====== Dataset ======
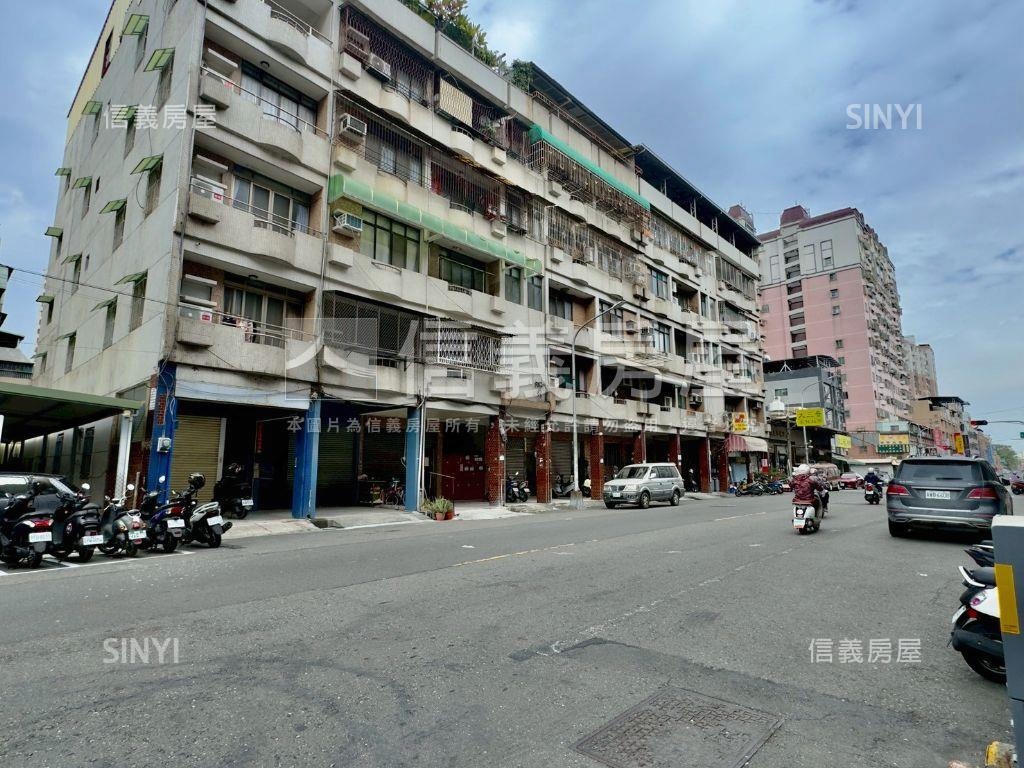 文化西正路南曜金店面房屋室內格局與周邊環境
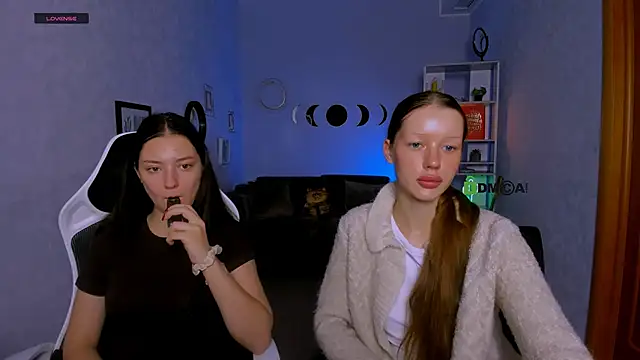 Snapshot of miki-niki chatting on September 2025 05:45:02 AM miki-niki online show from September 2025 05:45:02 AM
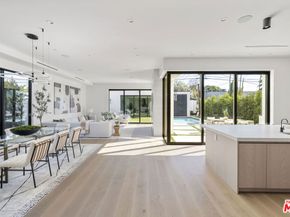 4220 Kenyon Avenue, Los Angeles CA 90066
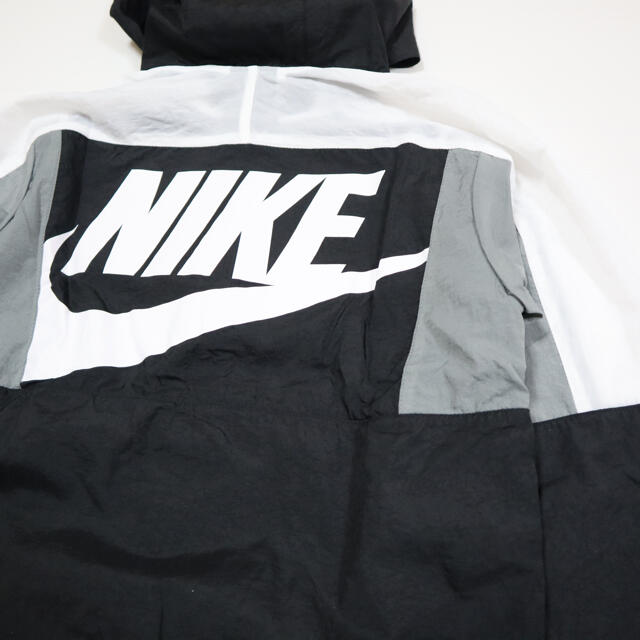 NIKE(ナイキ)の新品 ナイキ　NIKE キッズ ウィンドブレーカー ジャケット　140㎝ キッズ/ベビー/マタニティのキッズ服男の子用(90cm~)(ジャケット/上着)の商品写真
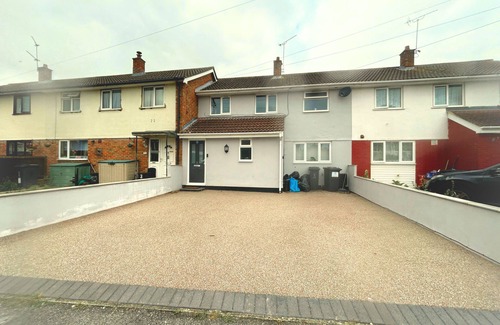 Swindon House | Elegant Modern 3 BR Home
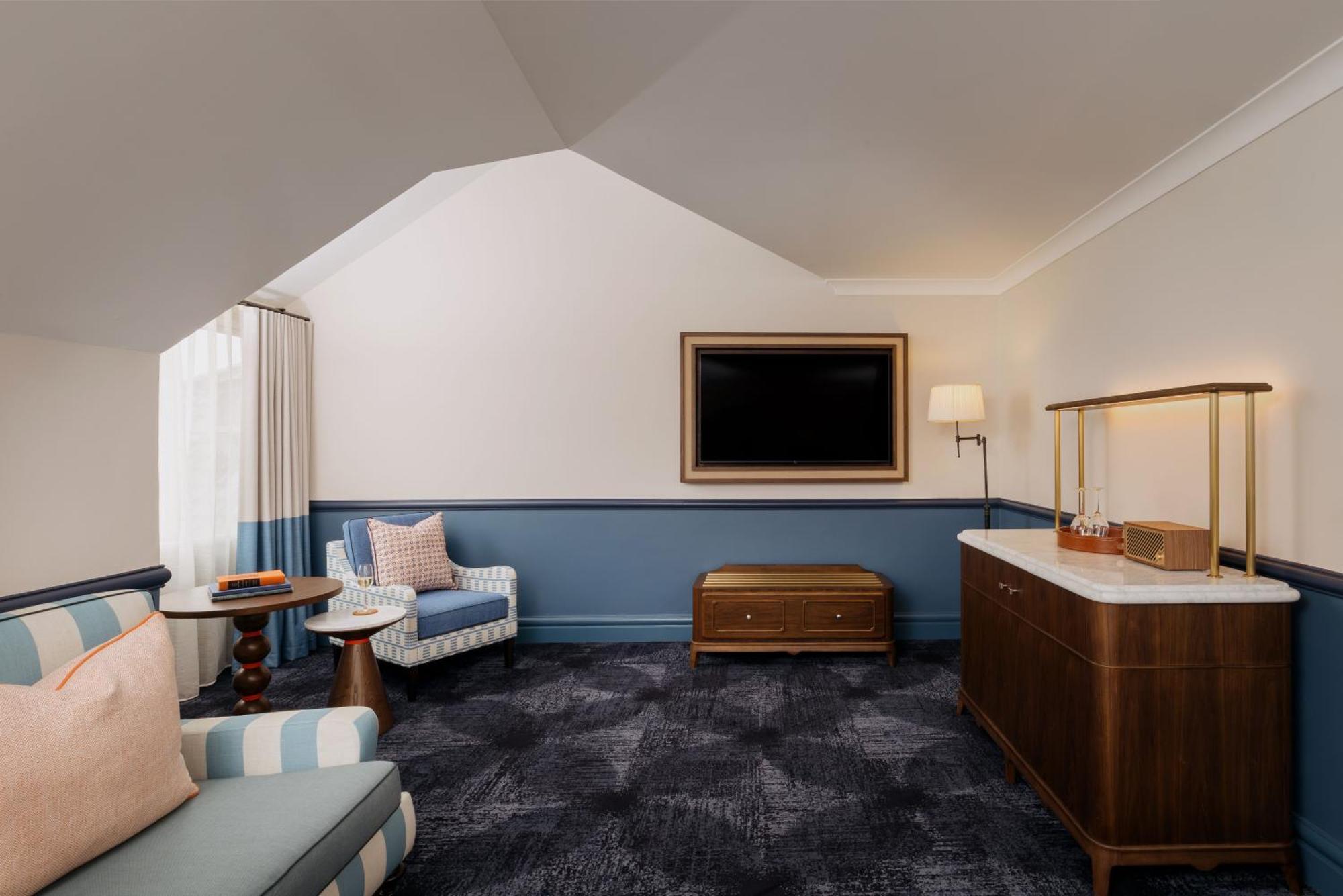Signature Room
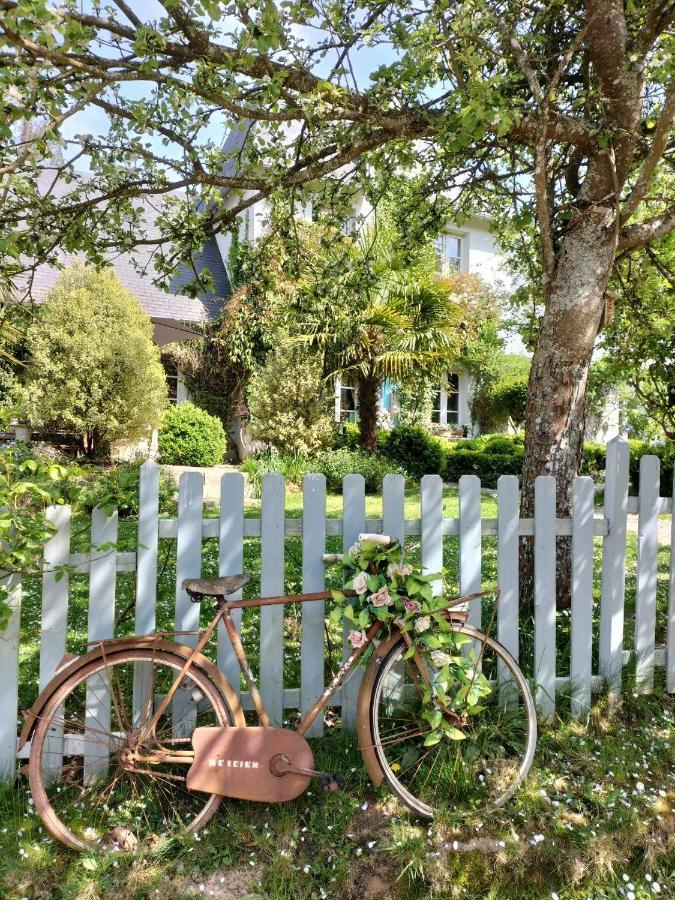 Bed and Breakfast Un Parfum De Violette Fourneville Exterior foto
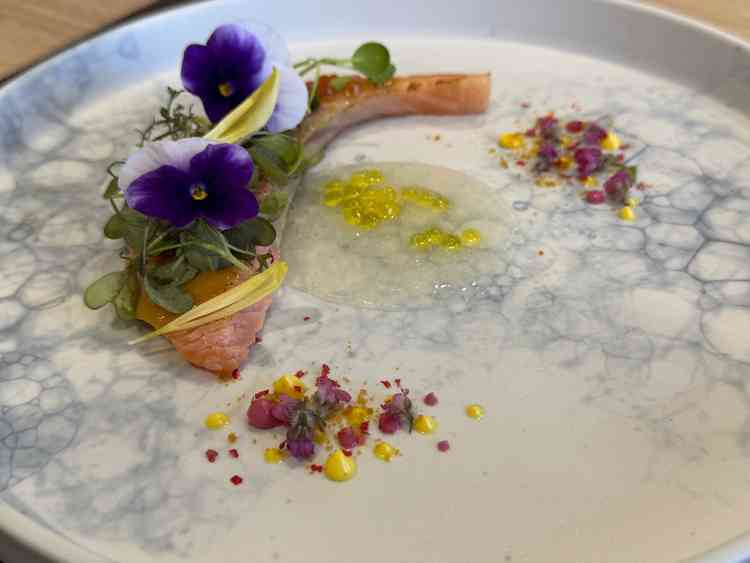 サーモンの料理で実は苦手なのですが好きになりますよと言われて食べました。正直すごく美味しいです。口当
======
*Instructions to follow*. Each line from the one that contains "Bed and Breakfast" through the end of the records should be restated exactly; include both end lines and leave any pictures out.

*Answer to the problem*.
 Bed and Breakfast Un Parfum De Violette Fourneville Exterior foto
 サーモンの料理で実は苦手なのですが好きになりますよと言われて食べました。正直すごく美味しいです。口当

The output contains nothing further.